La sentenza n. 135 della Corte Costituzionale, scritta da Franco Modugno e Francesco Viganò, ricorda, in assenza di una legge che regoli la materia, che i requisiti per l’accesso al suicidio assistito restano quelli già stabiliti dalla sentenza n. 242 del 2019.
Quanto al requisito del trattamento di sostegno vitale, la Consulta afferma che il paziente ha il diritto fondamentale di rifiutare ogni trattamento sanitario praticato sul proprio corpo, anche se somministrato da familiari o “caregivers” che si fanno carico dell’assistenza del paziente a casa.

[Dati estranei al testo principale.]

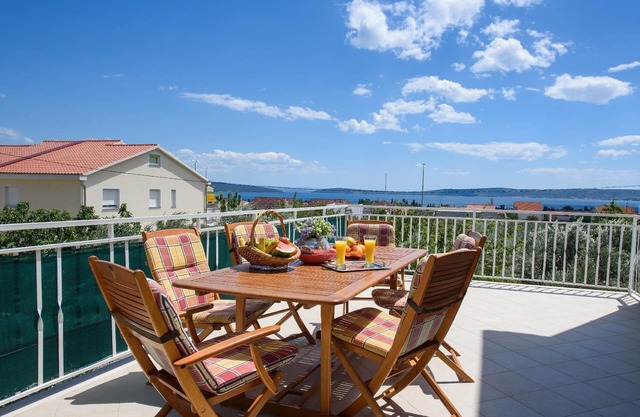 Holiday house Kastel Luksic for 1 - 12 persons with 6 bedrooms - Holiday home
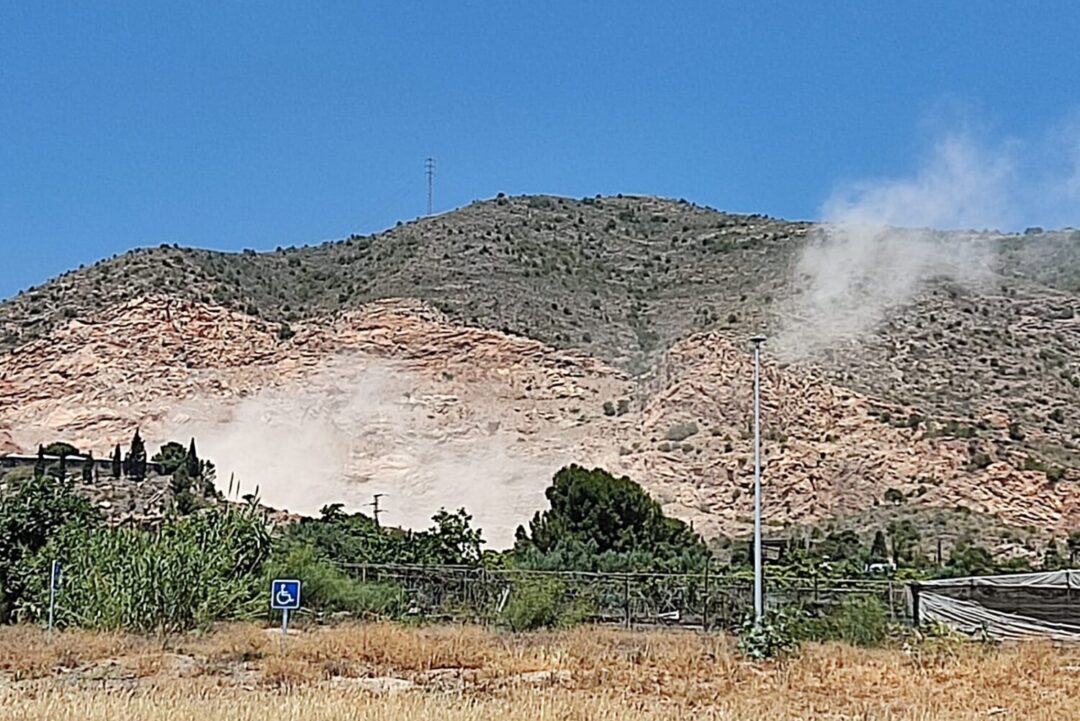 salobrena-denuncian-graves-consecuencias-de-la-cantera-santa-teresa-en-lobres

Se queste procedure sono necessarie per le funzioni vitali del paziente, al punto che la loro omissione o interruzione ne determinerebbe la morte in breve tempo, dovranno essere considerate come trattamenti di sostegno vitale e possono essere legittimamente rifiutate dal paziente, che, in questo modo, esercita il diritto di esporsi a un rischio prossimo di morte.
In questo modo, il paziente si trova nella situazione contemplata dalla sentenza n. 242 del 2019, ed è irragionevole il divieto, penalmente sanzionato, di assistenza al suicidio nei suoi confronti. I giudici confermano che «deve essere ribadito come l’accertamento della condizione della dipendenza del paziente da trattamenti di sostegno vitale, nel senso ora precisato, debba essere condotto, unitariamente, assieme a quello di tutti gli altri requisiti».
Dalla Corte arriva poi, in conclusione, una forte sollecitazione all’accesso alle cure palliative su tutto il territorio nazionale, anche per i pazienti che si trovano in tali condizioni da essere ammessi al suicidio assistito.